Горький, боровшийся со своими антагонистами со всей присущей ему открытой, грубой силой, на интервью Сулера отозвался только личным письмом. Тема письма: не лез бы ты в чужую драку. Он понимает, что Сулер влезает в драки литературно-театральные или уличные, когда видит несправедливость. Сейчас справедливость, право на свободу — у театра. И Горький понимает: «друже» — не просто исполнитель его горьковской воли, но имеет волю свою. И у Горького вырывается: «Сулер — ненадежен. Никогда не знаешь, что он сделает завтра — бросит бомбу или уйдет в хор песенников». Бомбой однажды действительно напуган московский городовой: Москвин и Сулер подъехали на извозчике к полицейскому посту, передали городовому что-то круглое, обернутое в бумагу. Тот видимо не успел даже подумать, как господа крикнули ему: «Бомба!» — и умчались, оставив городового со свертком в руках. Розыгрыш, шутка. Настоящую бомбу Сулер мог, вероятно, сделать, рискнуть провезти даже из-за границы. И то вряд ли — шрифты возил, листовки возил, печатал, прятал, распространял. Оружие не возил и не прятал. С людьми: то с анархистами, то с эсерами, то с большевиками, то с меньшевиками — то соглашался, то спорил. Уставы и программы для него не важны. Вот «Член земельного товарищества» — его дело. Член партии или союза политического — не для него. Толстовские трактаты о религии, об искусстве дает студийцам для прочтения. Часто студийцы не возвращают ему ни эти трактаты, ни редкие книги. Если едет куда-то со студийцами — бутерброды с ветчиной или колбасой есть не будет. Отговорится диетой, отговаривать же молодых людей от мясоедства будет, но неназойливо. Маня Успенская мяса не ест, а вот Алексей Дикий ест поросят под хреном — истово, вкусно. Дикий — из крупных людей, предназначенных крупному театру. Фамилия соответствует человеку. В Малый бы взяли, покрывал бы голосом пространство ярусного зала. Но играет в крошечной студии, завороженный личностью Сулера. Молодые словно разворачивают стены студии. Особенно когда репетируют, затем пробуют играть «Гибель „Надежды“».

* * *

Пьесу голландца Гейерманса принес в студию Ричард Болеславский. Один из старейшин среди молодых — ведь сыграл в «Месяце в деревне» студента Беляева, из-за которого произошла трагедия тургеневских героинь. Внешность сценическая, голос молодой, звонкий, изведан успех в пьесе Тургенева, в пространстве Добужинского, в партнерстве с Ольгой Леонардовной и Константином Сергеевичем.

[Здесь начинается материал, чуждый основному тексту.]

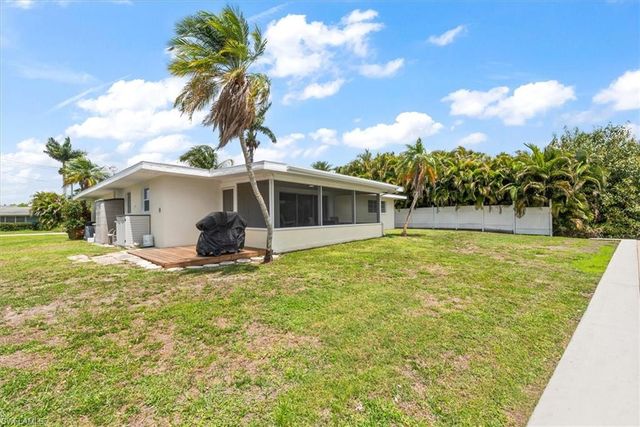 1728 Club house RD, North Fort Myers, FL 33917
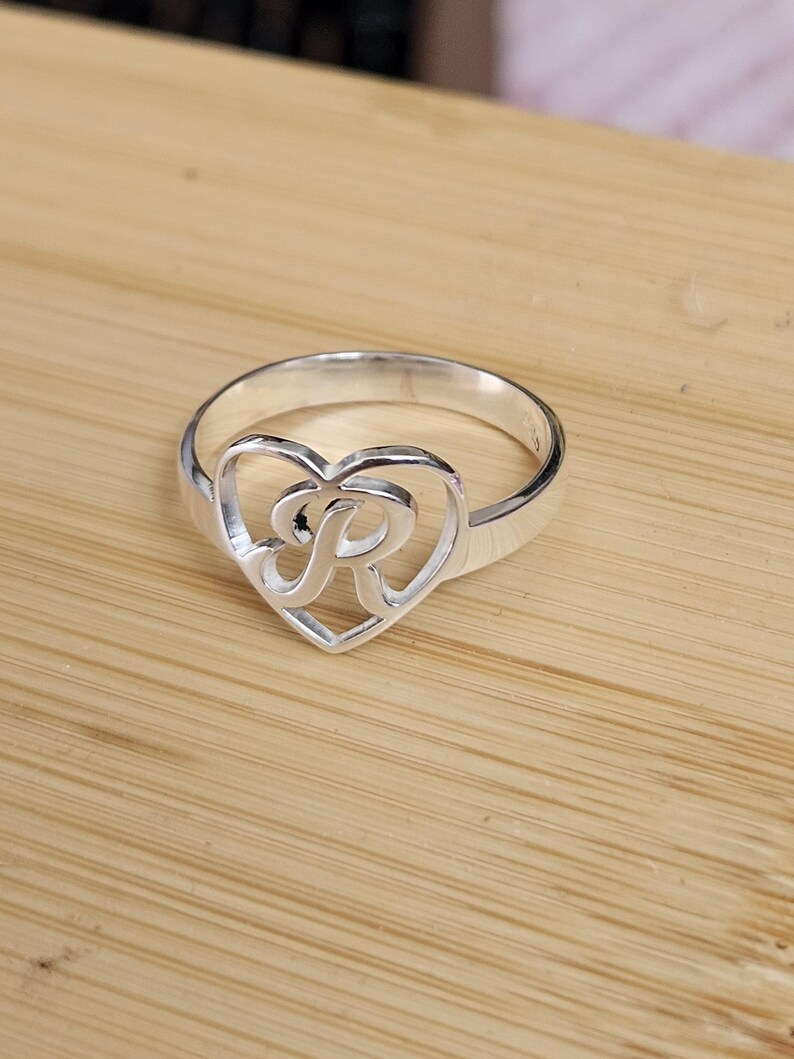 Anillo con una letra en el corazón - Etsy España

А не сыграть ли нам, студийцам, не этюды, не эпизоды из пьес, но целую пьесу, которую мы сами выберем и покажем нашим старикам. Сможем? Стали репетировать. … Пьеса эта шла в России в начале века, сейчас забыта.

Если прочитать название без внутренних кавычек, получится, что пьеса повествует либо о женщине по имени Надежда, либо о чьих-то разрушенных надеждах.

Гейерманс написал пьесу о корабле, вернее о команде старого парусника. Давно кончился срок службы, а хозяева все гоняют его в рейсы, прекрасно зная, что «Надежда» в любой час может пойти ко дну от своей ветхости. Набирается команда в очередной рейс. Рейс застрахован, поэтому гибель «Надежды» только выгодна хозяевам. На суше привычны поджоги старых домов, застрахованных на солидную сумму, та же ситуация возникает на море. Если корабль погиб со всей командой, то кто докажет преступление? Корабль «Надежда» обречен владельцами. Капитан же не знает, что набирает команду для последнего рейса. Люди этой команды — герои спектакля, не в значении «действующих лиц», а в значении героев-жертв, обреченных на смерть. Зрительское сострадание не предполагается; спектакль готовят для себя, как учебный. Константин Сергеевич появляется в студии как всегда: то с раннего утра, то после вечернего спектакля, на час-полтора, но может дозаниматься до утра. Репетиции ведут сами студийцы, в первую очередь Болеславский.